Work to complete |
Restate word for word the lines of the listing below, from its first line through the line with "Spring Summer Men", without the pictures.

Supplied records |
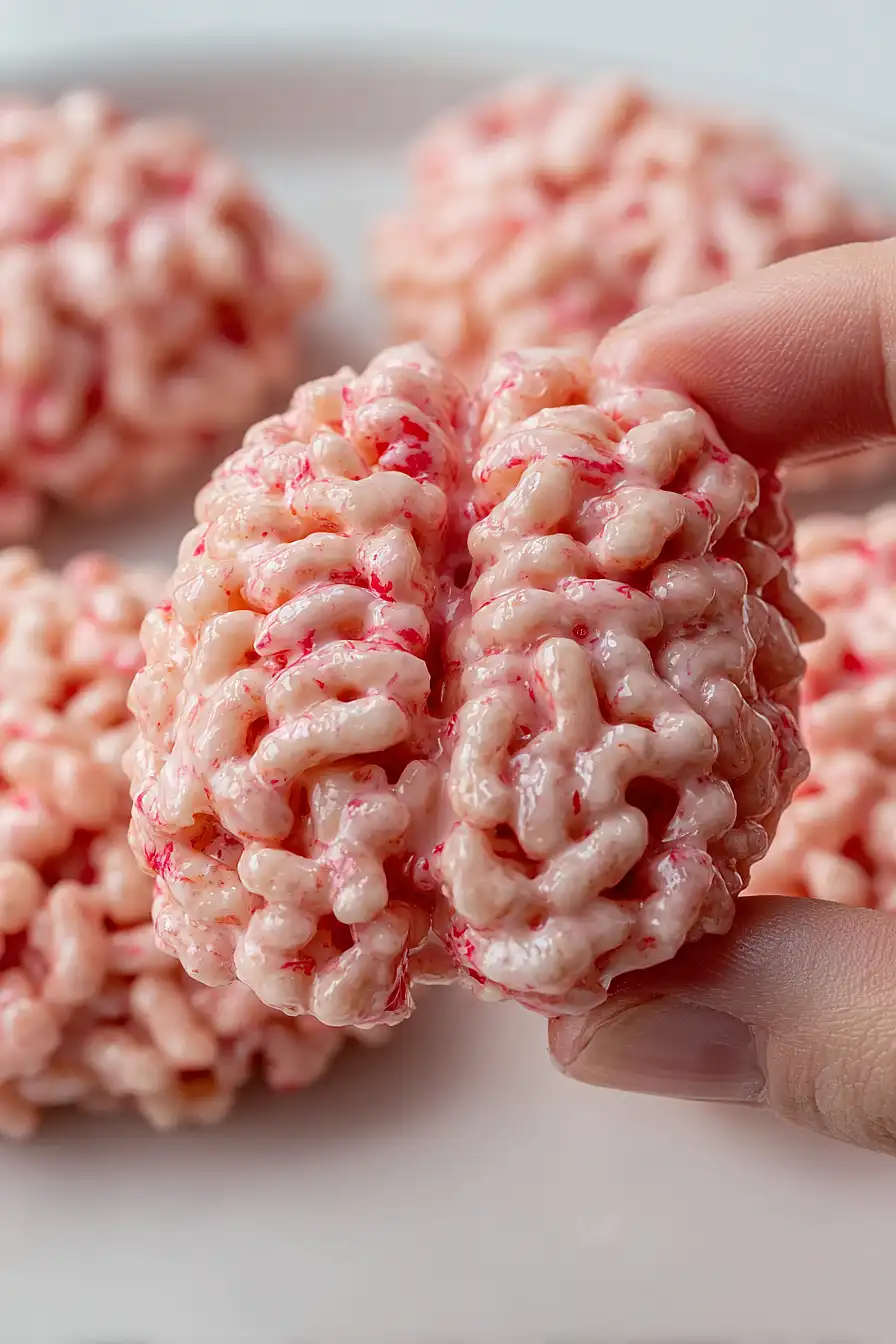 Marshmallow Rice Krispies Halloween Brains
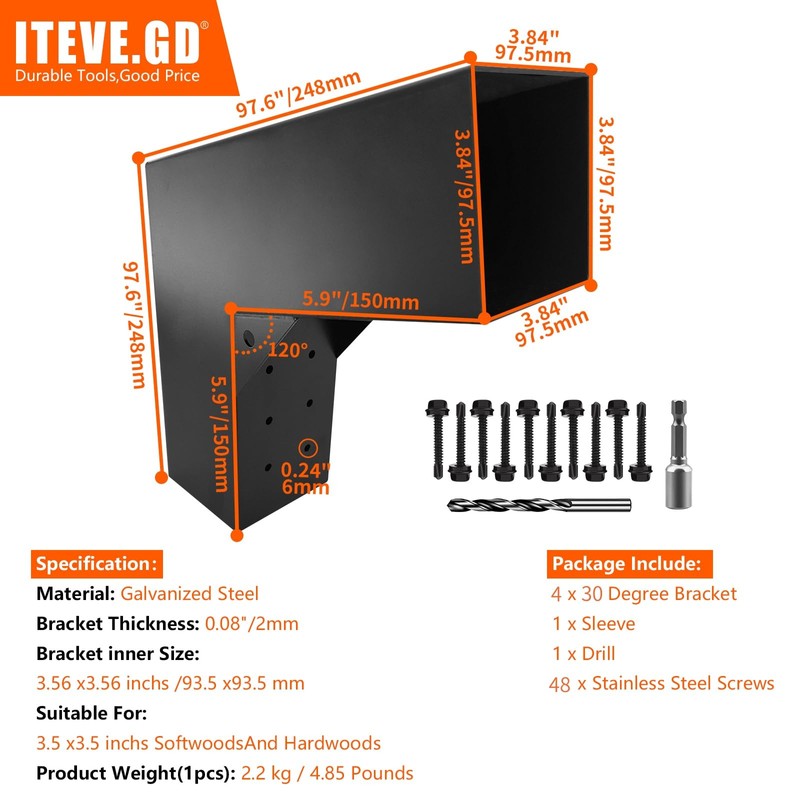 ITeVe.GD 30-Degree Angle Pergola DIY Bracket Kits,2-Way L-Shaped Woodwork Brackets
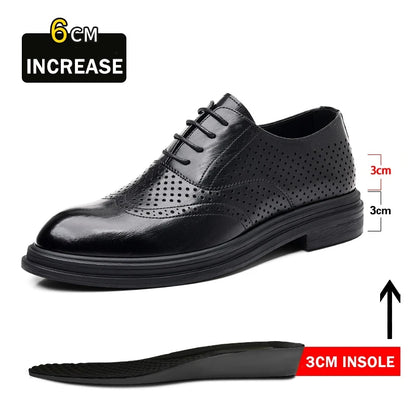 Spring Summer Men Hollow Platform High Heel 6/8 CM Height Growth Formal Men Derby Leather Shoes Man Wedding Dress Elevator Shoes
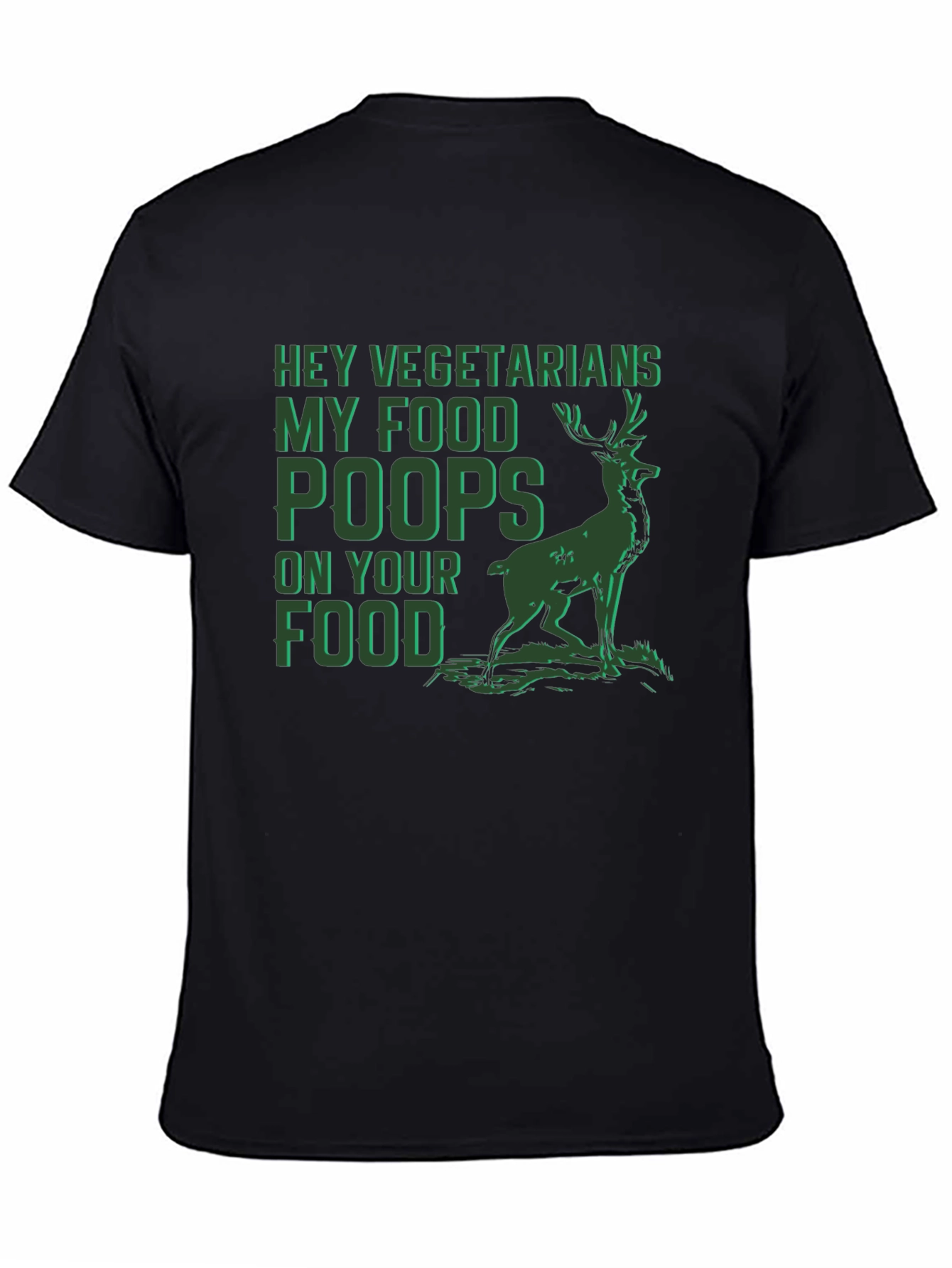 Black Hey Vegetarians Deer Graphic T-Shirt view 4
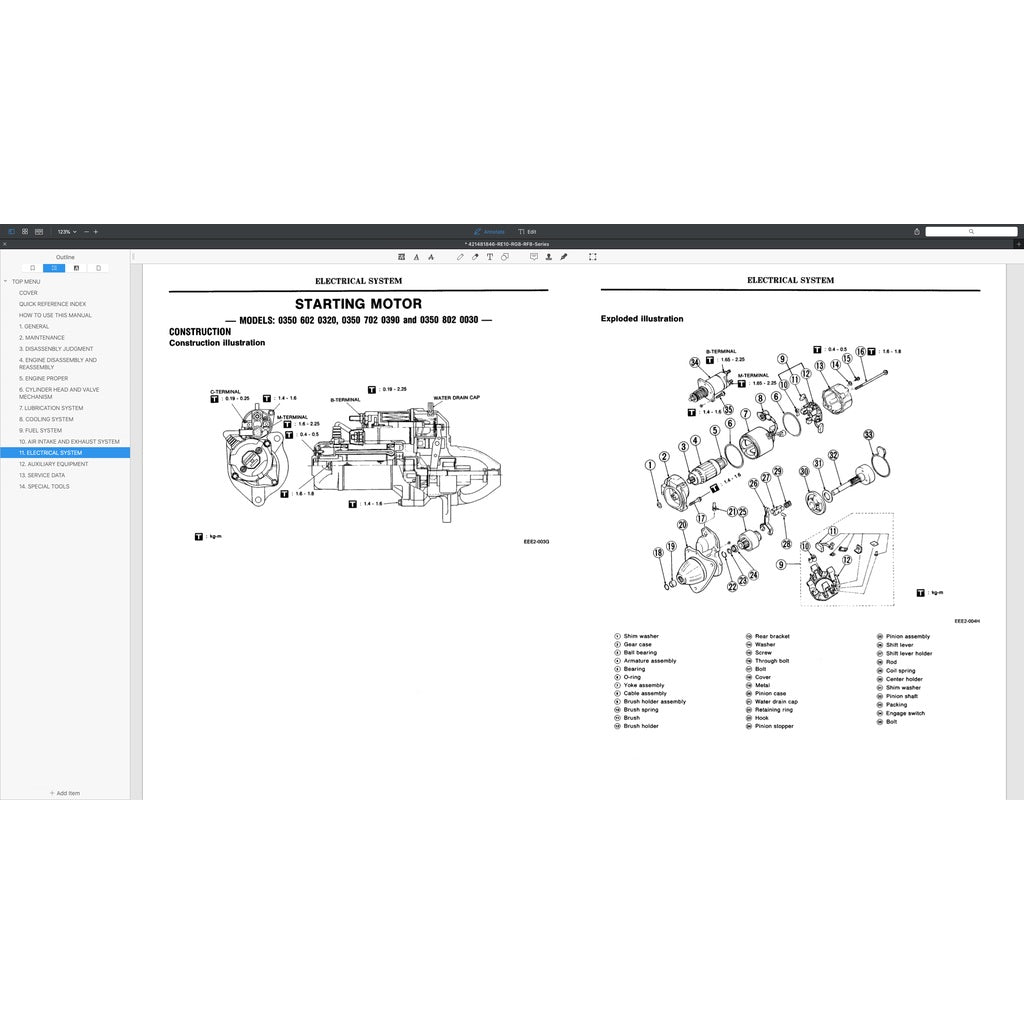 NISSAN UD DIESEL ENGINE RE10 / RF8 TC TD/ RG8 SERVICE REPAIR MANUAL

Written reply |
 Marshmallow Rice Krispies Halloween Brains
 ITeVe.GD 30-Degree Angle Pergola DIY Bracket Kits,2-Way L-Shaped Woodwork Brackets
 Spring Summer Men Hollow Platform High Heel 6/8 CM Height Growth Formal Men Derby Leather Shoes Man Wedding Dress Elevator Shoes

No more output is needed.